§ Problem statement:
For the records below, please print exactly and only the lines from the one with "Royalty-Free (RF) Pig" down to the one with "Bungou Stray Dogs", both ends included, omitting the pictures.

§ Task inputs:
========

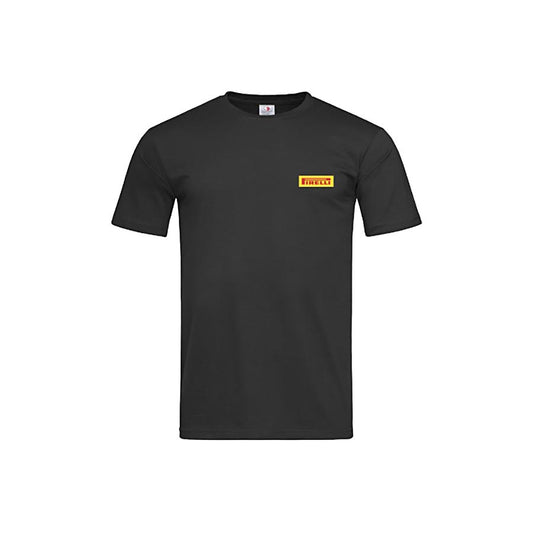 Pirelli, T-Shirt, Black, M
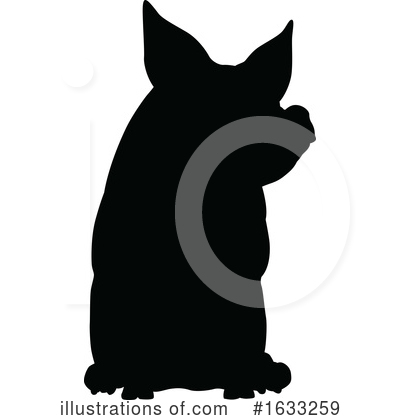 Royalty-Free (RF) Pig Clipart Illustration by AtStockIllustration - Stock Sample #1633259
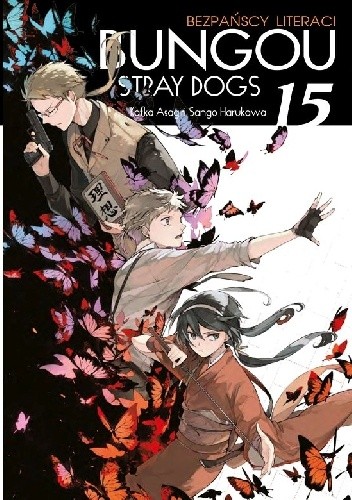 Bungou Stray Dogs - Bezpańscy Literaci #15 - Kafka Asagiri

========

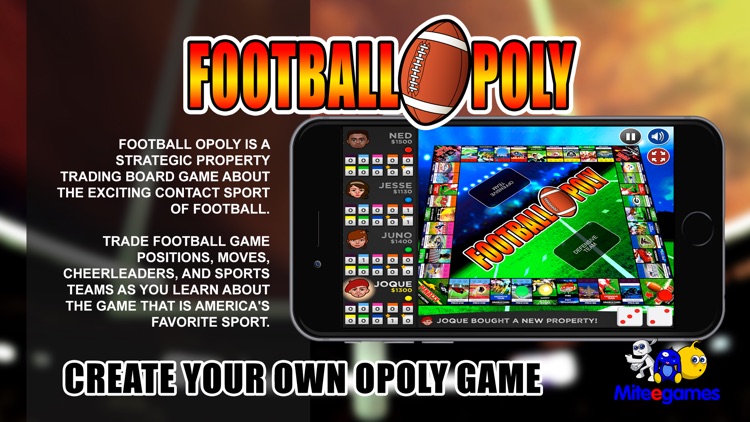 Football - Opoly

========

§ Your response:
 Royalty-Free (RF) Pig Clipart Illustration by AtStockIllustration - Stock Sample #1633259
 Bungou Stray Dogs - Bezpańscy Literaci #15 - Kafka Asagiri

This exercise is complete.